# **Notebook 3: Split data**

## Objectives

* Generate train and test sets for feature engineering.
* Do Correlation and PPS analysis to visualize the relationship between different variables in the dataset.


## Inputs

* outputs/datasets/cleaned/house_prices_records_cleaned.csv

## Outputs

* Generate Train and Test sets from cleaned data, saved under outputs/datasets/cleaned/train and outputs/datasets/cleaned/test

## Comment

* For readers of this notebook, previously the name of the main dataframe used in this project has been called 'records_df'. From this notebook on, the main dataframe will simply be 'df', with variations when we use a subset of the df for a particular purpose. In this notebook, we split df into train and test sets, and their respective names will be 'TrainSet' and 'TestSet'.



---

# Change working directory

We need to change the working directory from its current folder to its parent folder
* We access the current directory with os.getcwd()

In [None]:
import os
current_dir = os.getcwd()
current_dir

We want to make the parent of the current directory the new current directory
* os.path.dirname() gets the parent directory
* os.chir() defines the new current directory

In [None]:
os.chdir(os.path.dirname(current_dir))
print("You set a new current directory")

Confirm the new current directory

In [None]:
current_dir = os.getcwd()
current_dir

# Load data

In [None]:
import pandas as pd
df_raw_path = "outputs/datasets/cleaned/house_prices_records_cleaned.csv"
df = pd.read_csv(df_raw_path)
df.head(3)

# Split train and test data

In the cell below, the target variable 'SalePrice' is separated out from the rest of the data, and the split produces both a train and test set for the features (TrainSet and TestSet) and the target (train_target and test_target).

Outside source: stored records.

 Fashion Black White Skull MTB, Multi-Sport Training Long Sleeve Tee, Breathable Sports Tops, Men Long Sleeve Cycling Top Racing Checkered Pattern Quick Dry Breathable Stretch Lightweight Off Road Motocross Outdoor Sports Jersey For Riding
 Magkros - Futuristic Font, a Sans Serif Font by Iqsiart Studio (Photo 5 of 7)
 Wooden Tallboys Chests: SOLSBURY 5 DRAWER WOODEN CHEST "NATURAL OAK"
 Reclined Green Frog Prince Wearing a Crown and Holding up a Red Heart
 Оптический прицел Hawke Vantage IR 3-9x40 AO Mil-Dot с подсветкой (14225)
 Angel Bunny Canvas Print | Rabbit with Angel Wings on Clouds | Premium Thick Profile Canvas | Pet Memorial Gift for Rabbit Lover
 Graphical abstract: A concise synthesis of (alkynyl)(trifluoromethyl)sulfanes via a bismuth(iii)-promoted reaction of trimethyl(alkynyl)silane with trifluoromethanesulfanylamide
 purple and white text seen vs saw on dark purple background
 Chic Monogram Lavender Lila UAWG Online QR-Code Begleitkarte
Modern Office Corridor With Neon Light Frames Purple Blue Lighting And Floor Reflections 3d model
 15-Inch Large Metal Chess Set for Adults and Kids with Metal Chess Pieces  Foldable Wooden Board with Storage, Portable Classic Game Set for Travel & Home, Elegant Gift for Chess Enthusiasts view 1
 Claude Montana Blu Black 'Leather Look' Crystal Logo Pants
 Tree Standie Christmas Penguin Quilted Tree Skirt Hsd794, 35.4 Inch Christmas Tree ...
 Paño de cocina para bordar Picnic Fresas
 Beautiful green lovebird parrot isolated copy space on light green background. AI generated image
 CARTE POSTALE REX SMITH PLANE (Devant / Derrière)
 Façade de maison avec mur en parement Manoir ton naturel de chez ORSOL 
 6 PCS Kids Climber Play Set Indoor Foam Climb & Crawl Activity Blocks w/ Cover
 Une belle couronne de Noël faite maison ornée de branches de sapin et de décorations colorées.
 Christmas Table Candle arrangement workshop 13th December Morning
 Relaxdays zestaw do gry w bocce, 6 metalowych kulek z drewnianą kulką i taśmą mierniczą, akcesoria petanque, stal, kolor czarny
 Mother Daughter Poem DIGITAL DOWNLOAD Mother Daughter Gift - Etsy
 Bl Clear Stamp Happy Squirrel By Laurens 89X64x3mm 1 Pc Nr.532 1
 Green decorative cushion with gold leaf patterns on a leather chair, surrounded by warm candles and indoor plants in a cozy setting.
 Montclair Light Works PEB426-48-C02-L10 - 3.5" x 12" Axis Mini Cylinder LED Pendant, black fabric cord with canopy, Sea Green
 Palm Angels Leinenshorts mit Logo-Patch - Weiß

The reason for changing the code from the walkthrough is that in the train_test_split() function, I was passing df['SalePrice'] as the target variable, but also including it in my df, which means my target variable 'SalePrice' would be present in both my features and targets, which is not what I would typically want.

In [None]:
from sklearn.model_selection import train_test_split

features = df.drop('SalePrice', axis=1)  # drop the target variable from the feature set
target = df['SalePrice']

TrainSet, TestSet, train_target, test_target = train_test_split(
    features,
    target,
    test_size=0.2,
    random_state=0
)

print(f"TrainSet shape: {TrainSet.shape} \nTestSet shape: {TestSet.shape}")


As we see in the output, the train set has 1168 rows which is 80% of the data, and the test set accounts for the remaining 20%.

We then save the train and test set respectively in their folders.

In [None]:
TrainSet.to_csv("outputs/datasets/cleaned/train/TrainSetCleaned.csv", index=False)
TestSet.to_csv("outputs/datasets/cleaned/test/TestSetCleaned.csv", index=False)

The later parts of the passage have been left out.